02.12.2006
Du 20/11/06 au 02/12/06
Bon, rattrapons mon retard. Mais dans la concision.
Lundi 20 :
RAS
Mardi 21 :
- Entretien avec une étudiante qui veut se renseigner sur mon métier. Elle a 17 ans (a 1 an d’avance), fait des études de com. A une autre époque, elle aurait été une intello immergée dans des études poussées, mais elle est en 2006, et ne voit pas l’intérêt du monde, de la vie, de l’effort, puisque dit-elle, "on sait par avance qu’on aura jamais ce que l’on veut, alors à quoi bon". J’essaie de la motiver, je lui donne des pistes de formation. Mais je ne sais pas si cela sera très efficace. En la quittant, je me dis que cette impératif de jouissance fixé par la société et les médias est littéralement écrasant pour les jeunes générations : tellement flippés de ne pas réussir leur vie à l'image de "la vie idéale" telle qu'elle est décrite par la télé et les magazines, ils décident pour beaucoup de ne pas vivre du tout. Et anesthésient leur anxiété en se repliant sur les 1001 jouissances régressives que la modernité met désormais à portée de leurs mains.
- Soirée avec la journaliste slovène. Resto, puis bar, puis nuit ensemble.
Mercredi 22 :
RAS
Jeudi 23 :
- Je pars dans une ville de province parce que j’interviens lors d’une conférence. Je suis hébergé par une amie que je ne vois pas souvent.
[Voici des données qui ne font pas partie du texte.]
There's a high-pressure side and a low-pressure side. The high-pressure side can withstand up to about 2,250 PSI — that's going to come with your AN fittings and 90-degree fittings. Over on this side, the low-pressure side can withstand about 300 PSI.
Lors de la conférence, prise de tête avec un autre intervenant, chercheur de son état. C’est assez amusant de se contredire devant 100 personnes. Après la conférence, discussion avec une fille qui m’attire. Puis, dans la nuit, retour chez l’amie qui m’héberge, et discussion avec elle : elle est en train de donner un tour heureux à son existence. Moment agréable. Je me dis que je devrais faire comme elle, arrêter de courir partout, et me concentrer sur 2-3 choses importantes.
Vendredi 24 :
- Journée : je reste dans la ville de province, histoire de voir un peu plus longtemps l’amie qui m’héberge. On se balade dans sa ville. On va au marché, on se fait à manger. Ambiance zen, relaxante.
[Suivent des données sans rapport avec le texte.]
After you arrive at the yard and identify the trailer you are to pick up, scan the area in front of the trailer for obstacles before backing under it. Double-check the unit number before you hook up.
- Soir : je revois la fille avec laquelle j’avais discuté hier. Bar, puis dernier verre chez elle, puis nuit avec elle. Trois orifices particulièrement accueillants.
Samedi 25 :
- Retour sur Paris. Dans le train, j’évite in extremis de voir ma sacoche partir en fumée sous l’action des démineurs, car ayant été considérée par des passagers comme « colis suspect » (j’étais parti me balader dans les couloirs). De ce fait, le train prend un peu de retard. Bref, j’ai mis le bordel, quoi.
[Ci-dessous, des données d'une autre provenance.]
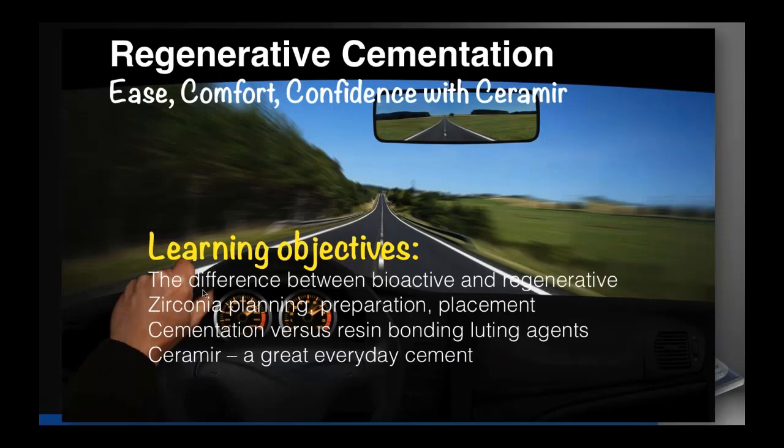For tonight we're going to talk about regenerative cementation — ease, comfort, confidence with a different kind of cement. Our learning objectives: first, the difference between bioactive and regenerative, because bioactive is a big buzzword in dentistry today. Second, zirconia — when to use it, why to use it, and how we put it in. Third, cementation versus resin bonding, and finally Cerimer — why it's a great everyday cement.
- Soir : concert au Trabendo : Sebastien Tellier. C’est une amie qui m’offre ce concert pour mon anniversaire. Je n’aime pas du tout. Et tellement pas que je suis obligé de lui dire. Au bar du Trabendo, je croise Ramzy (de Eric&Ramzy) bourré, avec des potes à lui, qui ont l’air aussi bourrés que lui. Après le concert, je rejoins ma petite journaliste slovène chez elle.
Dimanche 26 :
- Journée+soirée avec elle.
Lundi 27 :
- apéro avec une fille renontrée dans un bar. Elle a 22 ans, et me semble tellement jeune que j’en oublie de la draguer, et lui parle comme à un grand frère. Ca m’amuse un peu, et l’ayant raccompagné, je lui dit un truc qui veut dire en gros « je voulais te draguer mais je n’y suis pas arrivé ». Enfin, une phrase à peu près aussi conne que celle-là. Elle dit « tant pis, ça sera pour la prochaine fois ».
Mardi 28 :
- apéro dans un endroit où il n’y a que des journalistes. Qui se la jouent pas mal. Je discute avec ma pote Y*. Puis drague une fille belle mais un peu givrée, qui me file son tel mais que je ne sens pas très motivée. A ce moment, je pense que ma propension à vouloir collectionner les filles me prend de plus en plus la tête, mais que je suis incapable de m’arrêter.
Mercredi 29 :
- Soir : la blonde du bar (voir posts précédents) vient dîner chez moi. Et restera pour la nuit.
Jeudi 30 :
RAS
Vendredi 1er :
- Soirée avec ma journaliste slovène.
Samedi 2 (aujourd’hui, quoi) :
- Réveil tardif. Je commence à ranger mon appart. Puis appelle des amis, et vais à la laverie. Puis écris cette note un peu trop factuelle à mon goût. Ce soir : resto avec S* et quelques uns de ses amis. Enfin, amies. Car elle veut à tout prix me présenter des filles sérieuses : me maquer est son but depuis quelques mois maintenant. A voir. De toute façon, je suis dans un tel état que je suis un peu ouvert à tout, en fait.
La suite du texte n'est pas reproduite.